In plain words, Jesus Christ suffered the hell we earned. He received the punishment we deserved. Did we really deserve all that? Our text gently reminds us, "This is love, not that we loved God." That's it in a nutshell: we did not love God. Not one of us in our original, natural-born condition could love God, not the way God deserves and demands! He demands that we "love the Lord your God with all your heart and with all your soul and with all your mind." He requires that we "love your neighbor as yourself." And due to our sinful condition, that was impossible. We fail miserable; we fall short entirely.

But Jesus atoned for all sins and for us sinners. John wrote earlier in this letter, "He is the atoning sacrifice for the sins of the whole world." That's why every one of us can sing, "Chief of sinners tho' I be, Jesus shed his blood for me." His sacrifice was enough, and so, St. Paul tells us, "We have redemption through his blood, the forgiveness of sins." It was all done, finished, complete, on that Friday afternoon when Jesus' lifeless body was gently taken down from the cross and hastily wrapped up and sealed away in a borrowed tomb.

Then the mourning began in earnest among the few friends he had left. But that mourning only lasted until Sunday morning, the "third day," when God's Son took up the life he had laid down. Christ rose from death as the prophets had foretold, as he had predicted, and as so many eyewitnesses have testified -- like Peter, who said, "God has raised this Jesus to life, and we are all witnesses of the fact." It is a fact, dear friends, that God's Son died for you. It is a fact that his sacrifice for your sins was accepted. It is a fact that when he rose from death, you were declared "not guilty," justified, forgiven, holy in the sight of God.

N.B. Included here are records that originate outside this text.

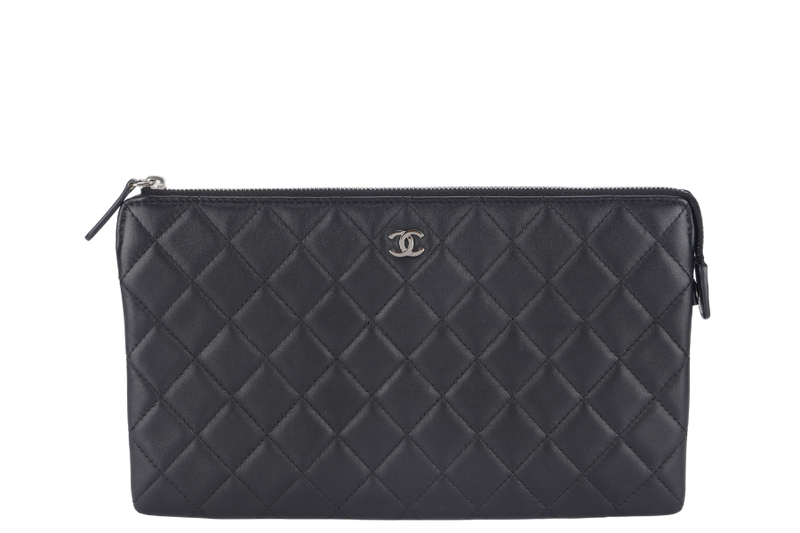 CHANEL BLACK LAMBSKIN QUILTED CLUTCH (2638xxxx) SILVER HARDWARE WITH DUST COVER AND BOX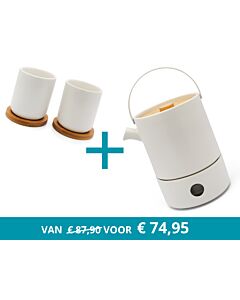 Théière Umea avec réchaud et 2 tasses, blanc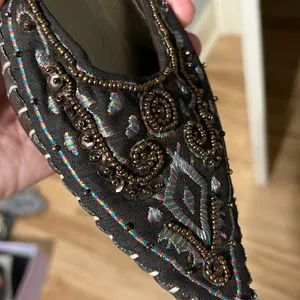 Qupid Pointed Toe Beaded Slip On Brown Shoes Kitten Heel Aztec Western Womens 7 thumbnail 10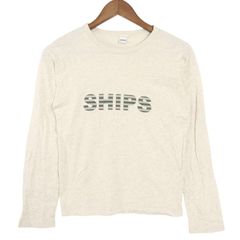 SHIPS シップス 通年★ ロゴプリント カットソー ロンT Tシャツ Sz.S レディース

And that means life instead of death, as our Savior himself has promised: "Whoever believes in him shall not perish, but have eternal life."

On the scale of basic human needs, being loved must be right up there near the top. We need to know that somebody loves us, and knowing that someone loves you makes all the difference in the world, doesn't it? We truly want to know that God loves us -- and what a difference it would make in our lives if we could be sure of that! Well, you can be sure. If love reveals itself by its actions, and if real love means doing what the other person needs no matter what the cost -- then there can be no doubt whatsoever that God loves you. THIS is how God showed his love: "He sent his one and only Son into the world that we might live through him."